- _ASSIGNED TASK_
Please repeat every entry exactly as written, but skip the pictures.

- _GIVEN ENTRIES_
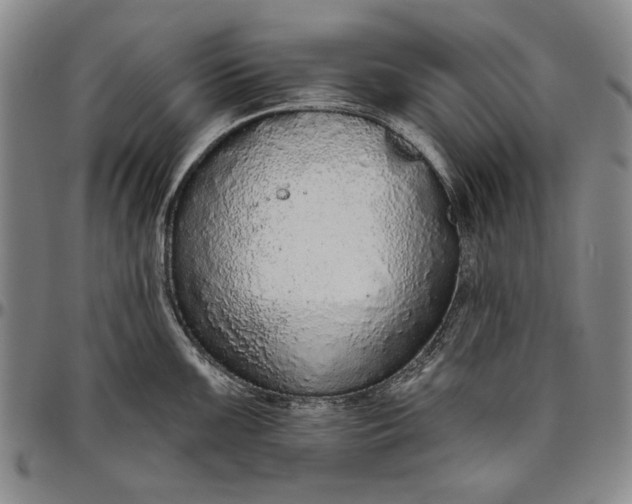 X0000096631099200802191150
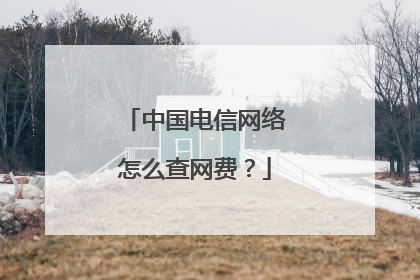 中国电信网络怎么查网费?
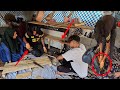 Triumph After Tragedy: Nomadic Family's Journey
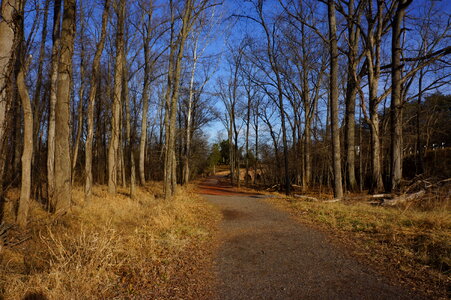 Manassas National Battlefield Park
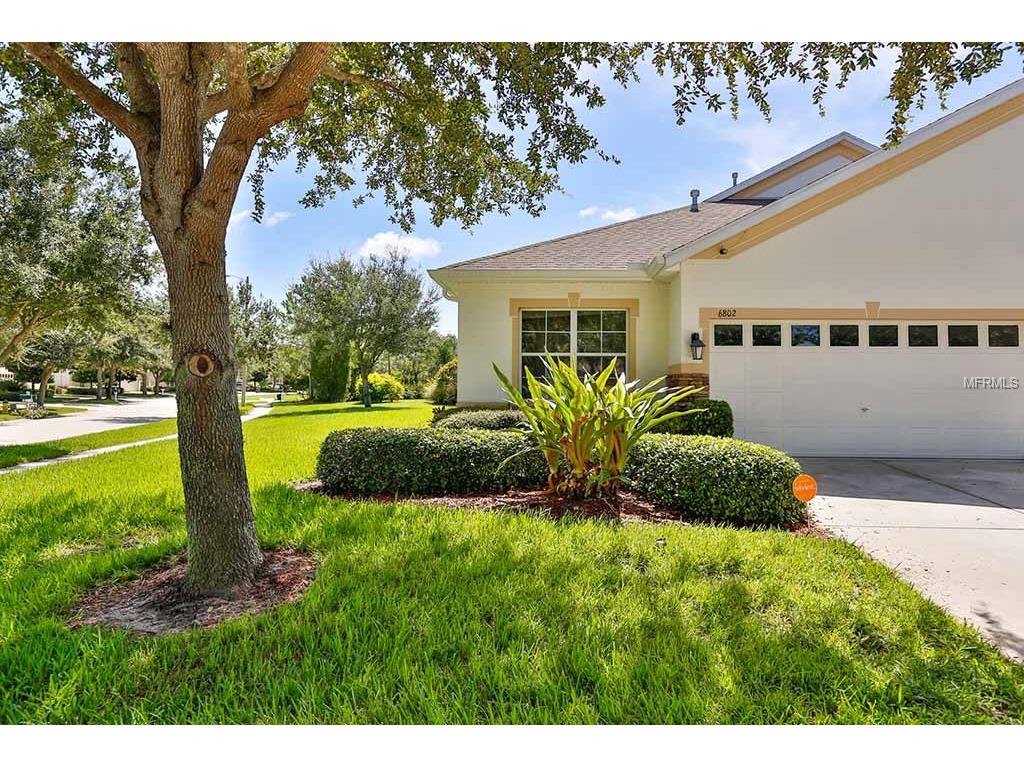 6802 Surrey Oak Dr, Apollo Beach, FL 33572 photo 1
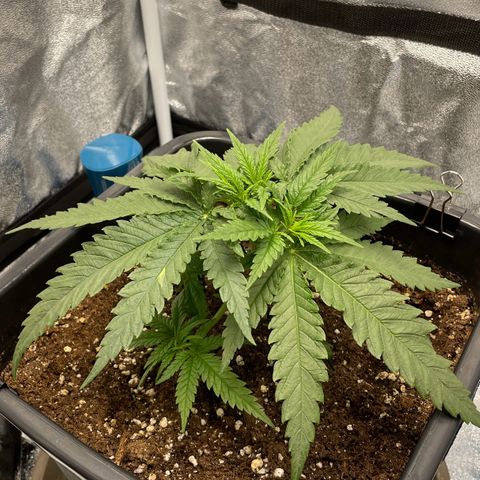Wedding Cake Zamnesia growlog timeline photo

- _RESULT OF THIS TASK_
 X0000096631099200802191150
 中国电信网络怎么查网费?
 Triumph After Tragedy: Nomadic Family's Journey
 Manassas National Battlefield Park
 6802 Surrey Oak Dr, Apollo Beach, FL 33572 photo 1
Wedding Cake Zamnesia growlog timeline photo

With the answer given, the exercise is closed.